The real essence of deep critique on P-Noy delivered by the truly cluey

In his initial stocktake of the general landscape of ciriticism routinely lobbed onto President Benigno "Noynoy" Aquino III, John Nery identifies what he thinks are three key classes of critiques against the President which he labelled in with words usually construed as slurs: politico, inglisero, and hacendero.

In fairness to Noynoy, those words basically describe a class of not a few Filipinos who on one hand would "help out" during a calamity (and grandstand about it in incessant tweets, Facebook updates and photos, and blog articles) and, on the other, happily cloister themselves in fortified residential enclaves effectively building a comfy antiseptic pretense around them that shields them from the bigger wretchedness of the country they proudly call theirs. Small wonder that the groundwork for such massive calamities build up right under their noses even as they fiddle away in their soirées.

That such a class of people exist is not a groundbreaking revelation (and that an Aquino, no less, belongs to such a class is certainly no scoop), and as such I think Nery could have exercised a bit more insight in choosing his specimens.

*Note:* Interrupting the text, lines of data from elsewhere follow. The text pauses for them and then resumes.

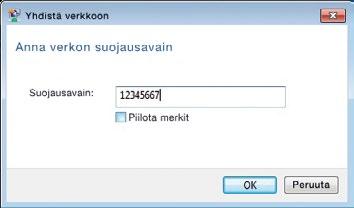 Mikäli haluat jakaa tiedostoja laitteiden välillä, valitse Kyllä.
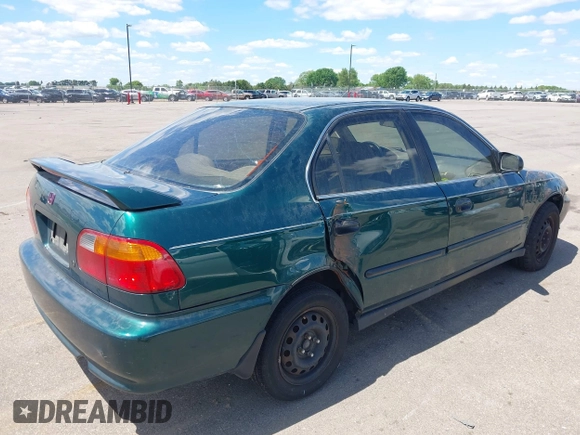 1999 Honda Civic LX z VIN 1HGEJ6672XL044666, wystawiony jako IAAI lot #42343700 z przebiegiem 144 445 mil mil oraz . Historia ofert i sprzedaży dostępna na DreamBid. Obrazek 4.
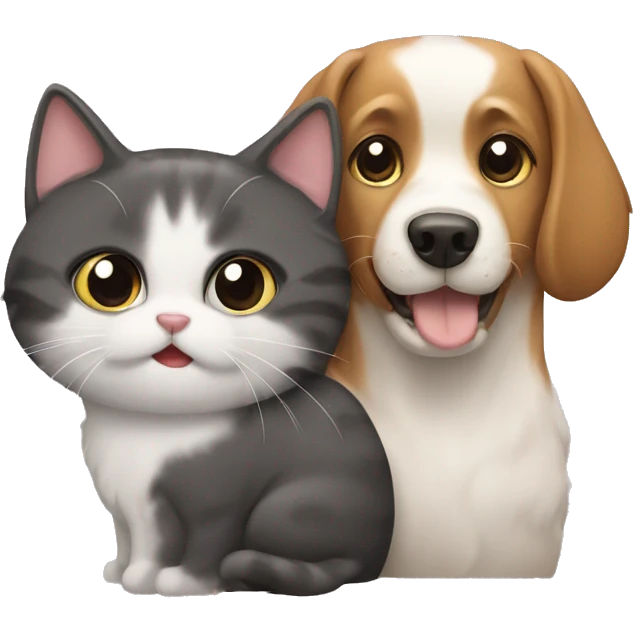 Dog and cat emoji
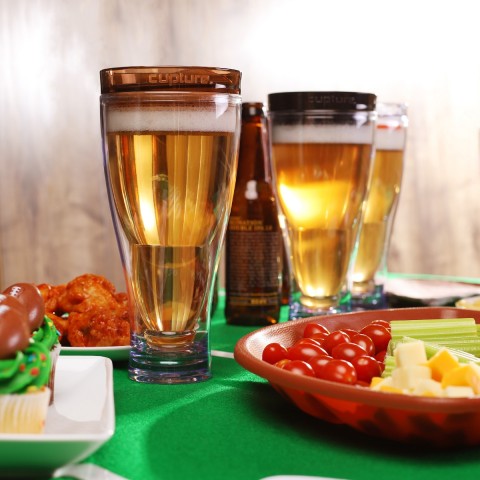 Beer Mug 28 oz, Brown 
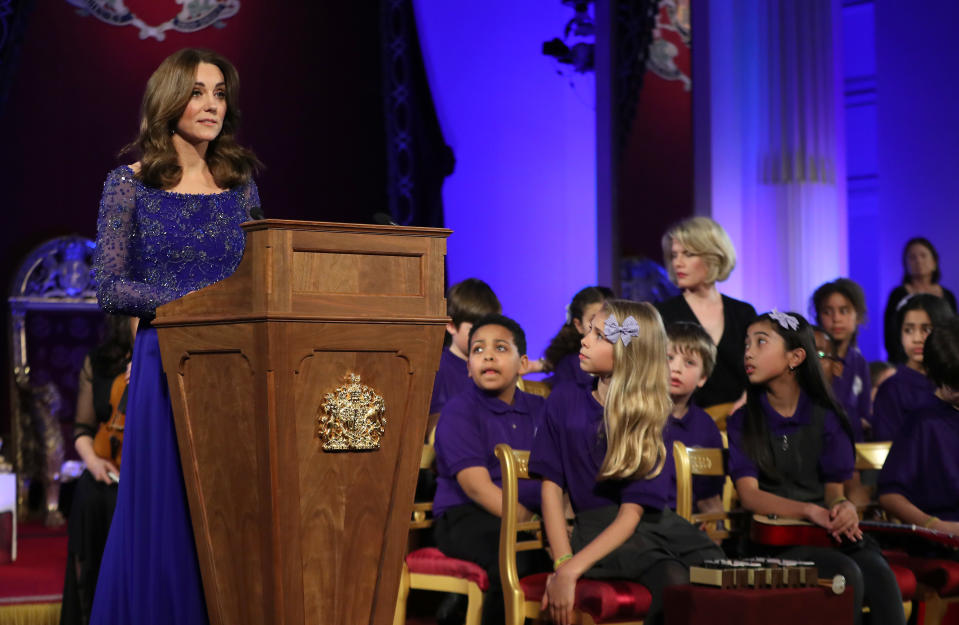 The Duchess Of Cambridge Hosts Gala Dinner For The 25th Anniversary Of Place2Be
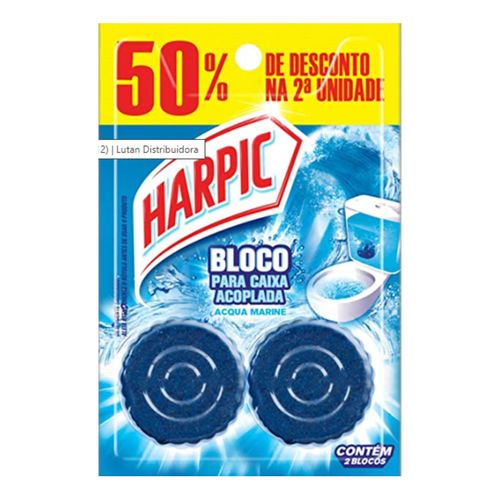 HARPIC CAIXA ACOPLADA FRESH PROMO 2X50GR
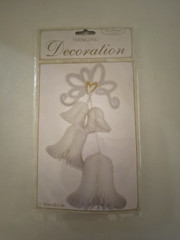 9 Lot Bridal Shower Wedding Decor Paper Banner Honeycomb White Bell Dove Garland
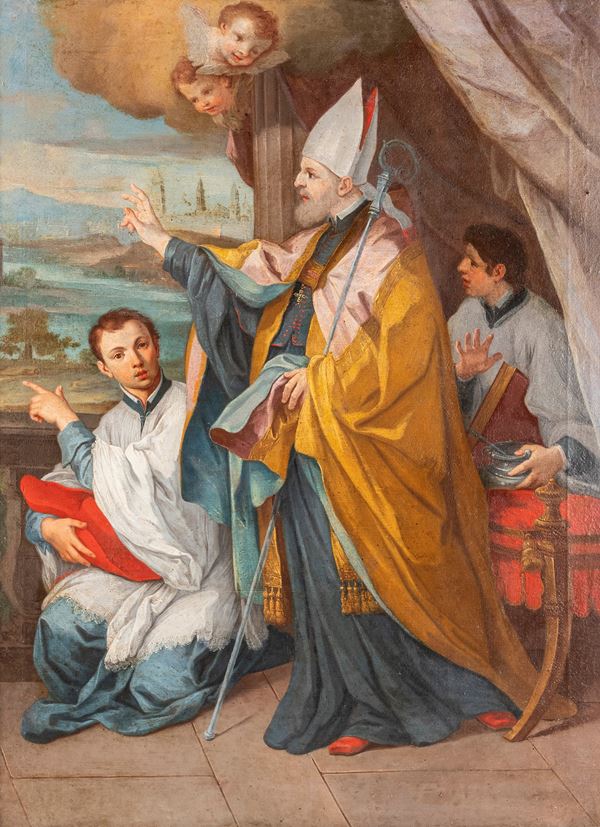 SAN BERNARDO DEGLI UBERTI CON SANTO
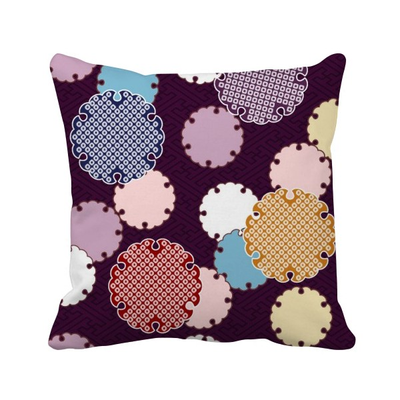 

Tradition Abstract Japan Pattern Square Throw Pillow Insert Cushion Cover Home Sofa Decor Gift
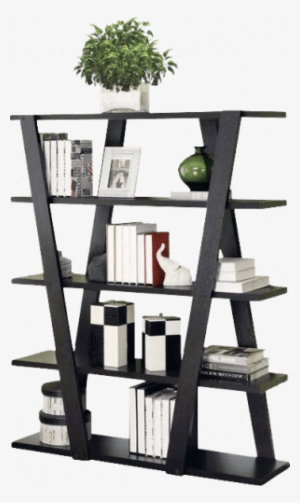 Afydecor Modern Bookshelf With Diagonal Front And Back - Bookshelf Coaster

I believe the essence of the real and deep critique of Noynoy of the truly cluey that routinely flies over most peoples' heads is that he represents the profound vacuousness of The Filipino Vote and the National "Debate". Noynoy embodies Shelley Gare's Triumph of the Airheads -- a propagation of a national "debate" renowned for its focus on the droll and unintelligent, the trivial or the irrelevant.